START PROVIDED DATA

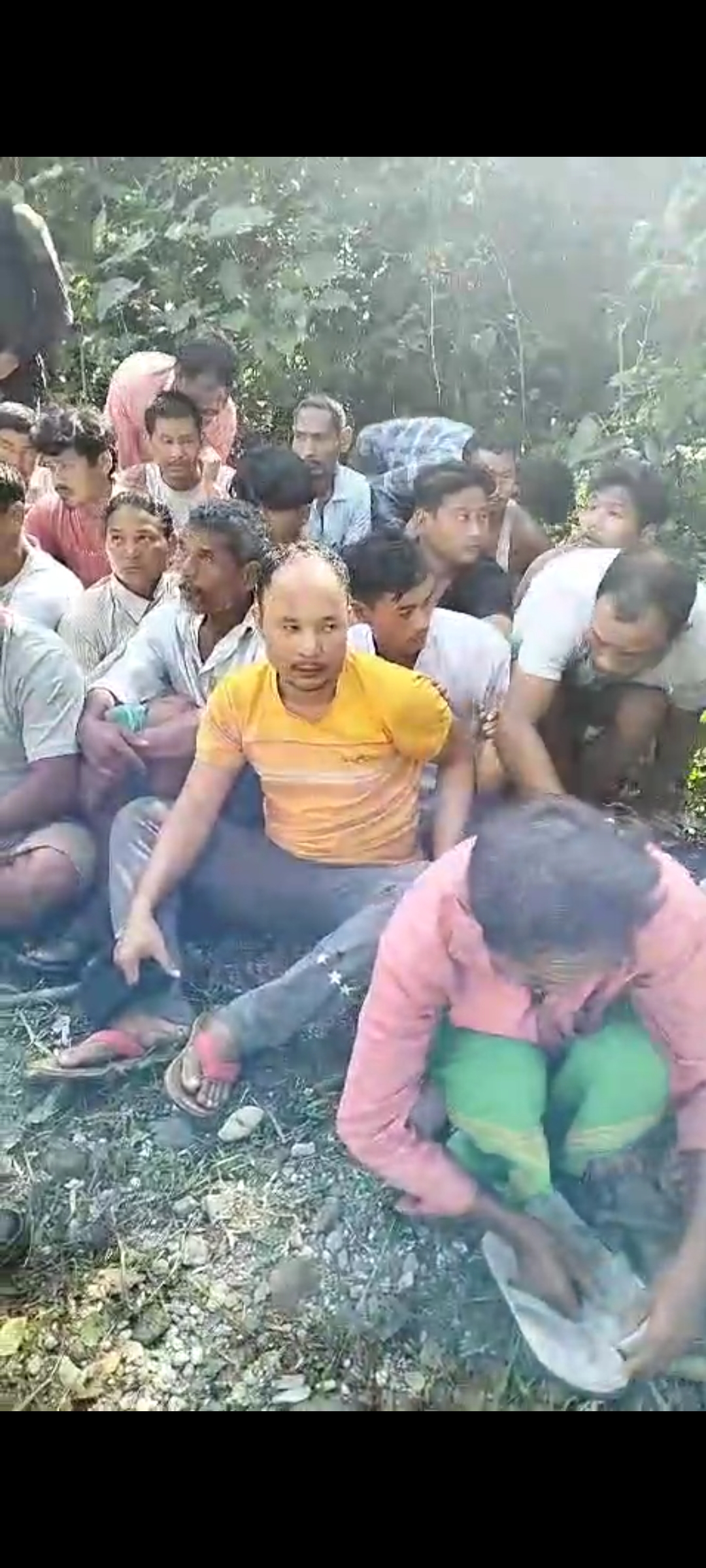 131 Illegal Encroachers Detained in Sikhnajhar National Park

END PROVIDED DATA
START PROVIDED DATA

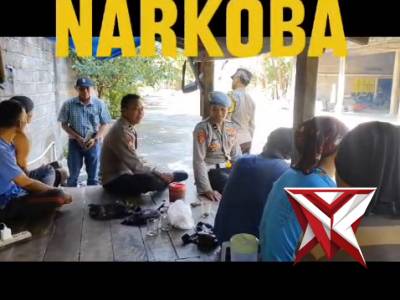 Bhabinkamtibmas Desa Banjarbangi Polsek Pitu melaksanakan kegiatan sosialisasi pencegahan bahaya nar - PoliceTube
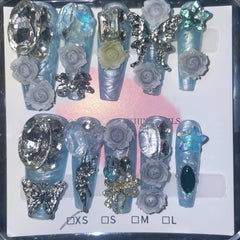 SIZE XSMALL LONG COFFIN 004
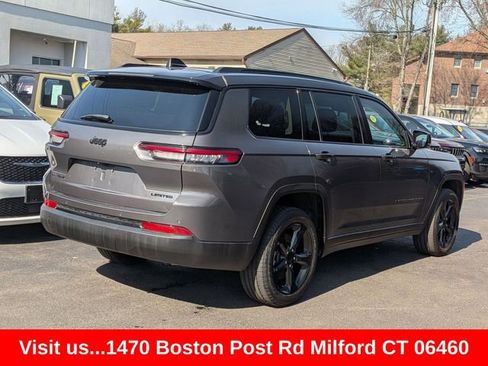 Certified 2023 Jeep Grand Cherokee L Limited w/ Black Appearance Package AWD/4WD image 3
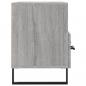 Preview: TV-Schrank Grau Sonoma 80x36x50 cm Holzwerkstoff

END PROVIDED DATA

-- PROBLEM STATEMENT --
The lines to copy exactly start with the line above that has "Bhabinkamtibmas Desa Banjarbangi" and go on through the line that has "Preview: TV-Schrank Grau"; please include both, add nothing else, and omit the pictures.

-- OUTPUT --
 Bhabinkamtibmas Desa Banjarbangi Polsek Pitu melaksanakan kegiatan sosialisasi pencegahan bahaya nar - PoliceTube
 SIZE XSMALL LONG COFFIN 004
 Certified 2023 Jeep Grand Cherokee L Limited w/ Black Appearance Package AWD/4WD image 3
 Preview: TV-Schrank Grau Sonoma 80x36x50 cm Holzwerkstoff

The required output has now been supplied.